Brown Skin Girl
All people of colour have a profound memory of their first experience of racism. It becomes a monumental event, usually in early childhood, that beckons the first realisation that you are fundamentally different from those around you.
Psychology has taught us that childhood experiences inevitably shape identity, sense of self and worldviews, and younger children are known for their ability to relate to each other through similarities and interests that aren’t influenced by racial differences. I was particularly lucky to grow up in South London – colourful, vibrant, and extremely diverse. I don’t ever recall being the only brown person. Yet, this diversity didn’t shield me from encountering racism. I was about 7 when a girl whispered that her mother didn’t want her to play with me because I had brown skin. It was such a life changing moment because I specifically saw my skin as something external from who I was as person, and that having brown skin wasn’t desirable.
This alienation became more apparent as I got older. Although I went to an all-girls school with a BAME population of over 90%, I quickly realised how brownness was characterised by a sense of invisibility and the crude stereotype of the nerdy, quiet, and submissive Asian girl. Brown people never played the lead in school plays, they were never seen in films (unless they were the awkward token characters), never represented in music, and I was a teenager before I had encountered a brown character in a book. South Asian culture has constantly been ridiculed, marginalised, and suppressed. Even in their rare representations, they are only used as mouthpieces to affirm western values, particularly white saviour-ism.
Not only was the exclusion of brown people so normalised, but it was also reciprocated by South Asians. Particularly from my family, I noticed a desire to remain invisible. Ever since I remember, my parents demanded a clear-cut demarcation between Western society and our conservative South Asian household. I wasn’t locked up in the house and not allowed to have friends of other ethnicities, but my parents always warned me that I would never be ‘one of them’. My traditional parents emphasised difference as a defence mechanism against racism and to preserve our culture. This burden is disproportionately placed on the shoulders of females – who become flag bearers of honour. The policing of clothing, sexuality and the restriction of movement served to emphasise the difference between a respectable South Asian female in relation to a more ‘loose’ Westernised female.
However, this self-segregation is also a result of internalised racism. As racism relies on a power interplay in which whiteness is superior and every ‘other’ race is inferior, many victims of historical racism internalise their oppression. This is evident in colourism and the South Asian obsession with fair skin. Many South Asian girls will remember being told to stay out of the sun or the pressure to use fairness cream to lighten their complexion. The global skin whitening market is a multi-billion industry which feeds upon internalised racism through equating whiteness with ideas of beauty and power.

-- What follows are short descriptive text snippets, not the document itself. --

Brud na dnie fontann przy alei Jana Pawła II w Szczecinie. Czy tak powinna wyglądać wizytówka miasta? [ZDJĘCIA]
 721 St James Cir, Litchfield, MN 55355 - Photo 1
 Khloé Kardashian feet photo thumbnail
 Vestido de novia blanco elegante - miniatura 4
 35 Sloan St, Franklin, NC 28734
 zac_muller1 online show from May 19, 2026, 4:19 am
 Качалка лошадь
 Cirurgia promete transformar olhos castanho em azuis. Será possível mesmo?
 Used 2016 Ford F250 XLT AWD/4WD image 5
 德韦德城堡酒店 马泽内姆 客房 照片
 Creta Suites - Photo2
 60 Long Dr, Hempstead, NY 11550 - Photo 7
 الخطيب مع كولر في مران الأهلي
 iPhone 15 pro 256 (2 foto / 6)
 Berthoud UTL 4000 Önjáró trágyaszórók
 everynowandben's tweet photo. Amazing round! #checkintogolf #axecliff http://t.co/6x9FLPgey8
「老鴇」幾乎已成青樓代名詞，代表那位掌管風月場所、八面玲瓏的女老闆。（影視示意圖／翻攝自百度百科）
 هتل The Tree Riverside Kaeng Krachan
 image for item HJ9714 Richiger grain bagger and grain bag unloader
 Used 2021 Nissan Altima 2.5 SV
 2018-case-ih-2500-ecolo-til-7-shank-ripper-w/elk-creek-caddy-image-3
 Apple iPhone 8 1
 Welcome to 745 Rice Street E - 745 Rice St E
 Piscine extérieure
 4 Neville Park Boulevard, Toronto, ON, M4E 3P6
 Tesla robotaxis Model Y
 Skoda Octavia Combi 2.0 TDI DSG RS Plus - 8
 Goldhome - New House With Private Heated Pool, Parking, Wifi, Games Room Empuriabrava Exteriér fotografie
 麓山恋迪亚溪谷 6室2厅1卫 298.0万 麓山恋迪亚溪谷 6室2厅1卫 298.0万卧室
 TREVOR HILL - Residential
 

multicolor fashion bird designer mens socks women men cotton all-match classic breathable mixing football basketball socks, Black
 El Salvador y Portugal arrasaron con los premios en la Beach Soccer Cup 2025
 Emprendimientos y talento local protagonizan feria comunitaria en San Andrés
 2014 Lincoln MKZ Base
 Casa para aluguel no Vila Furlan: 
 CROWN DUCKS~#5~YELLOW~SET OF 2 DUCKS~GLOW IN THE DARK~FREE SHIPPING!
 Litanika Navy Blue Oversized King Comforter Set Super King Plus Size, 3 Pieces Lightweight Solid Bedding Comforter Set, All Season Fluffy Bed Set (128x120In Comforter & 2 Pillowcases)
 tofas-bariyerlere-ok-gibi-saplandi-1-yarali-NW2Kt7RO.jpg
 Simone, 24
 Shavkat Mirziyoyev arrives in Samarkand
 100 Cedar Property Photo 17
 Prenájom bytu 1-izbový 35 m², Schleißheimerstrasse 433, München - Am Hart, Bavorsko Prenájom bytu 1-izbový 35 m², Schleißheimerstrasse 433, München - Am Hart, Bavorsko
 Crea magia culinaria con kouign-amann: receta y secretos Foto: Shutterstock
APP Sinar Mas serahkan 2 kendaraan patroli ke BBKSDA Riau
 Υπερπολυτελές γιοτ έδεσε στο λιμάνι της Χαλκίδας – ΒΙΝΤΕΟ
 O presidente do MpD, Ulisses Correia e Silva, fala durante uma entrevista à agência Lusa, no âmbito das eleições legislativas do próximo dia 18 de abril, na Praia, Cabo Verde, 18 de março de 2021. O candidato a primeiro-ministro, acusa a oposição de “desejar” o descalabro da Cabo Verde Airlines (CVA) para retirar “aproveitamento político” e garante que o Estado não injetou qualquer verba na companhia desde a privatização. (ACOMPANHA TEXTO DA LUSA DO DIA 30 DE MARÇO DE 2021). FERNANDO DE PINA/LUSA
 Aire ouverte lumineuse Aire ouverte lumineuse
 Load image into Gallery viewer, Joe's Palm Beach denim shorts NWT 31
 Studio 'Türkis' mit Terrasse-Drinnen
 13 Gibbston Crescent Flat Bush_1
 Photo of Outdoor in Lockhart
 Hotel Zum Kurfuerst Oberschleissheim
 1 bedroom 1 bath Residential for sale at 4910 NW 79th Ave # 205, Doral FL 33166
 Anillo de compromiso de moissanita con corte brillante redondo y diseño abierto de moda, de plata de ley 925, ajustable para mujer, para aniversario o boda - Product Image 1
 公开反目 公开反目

We even see it splashed across pop culture as Netflix’s Indian Matchmaking has shed light upon the casualised colourism in the Indian dating scene – the fact that complexion itself was a dating preference shows how colourism, an off-shoot of racism, continues to be perpetuated by racial ‘others’.
As "white" values were seen as immodest and corrupt, white skin continues to hold the utmost value. This coloniser complex, this love-hate relationship with whiteness creates an irresolvable complex – to be white or not to be white? It's only in the past decade where I have slowly seen a mass change in attitudes surrounding colourism and racism. In the Western world, I believe a large part of it is because of how far the black empowerment movements have progressed in educating a society that was hellbent on miseducating itself. It will take longer for the message to seep through the tall walls of the South Asian community, but I think we're getting there.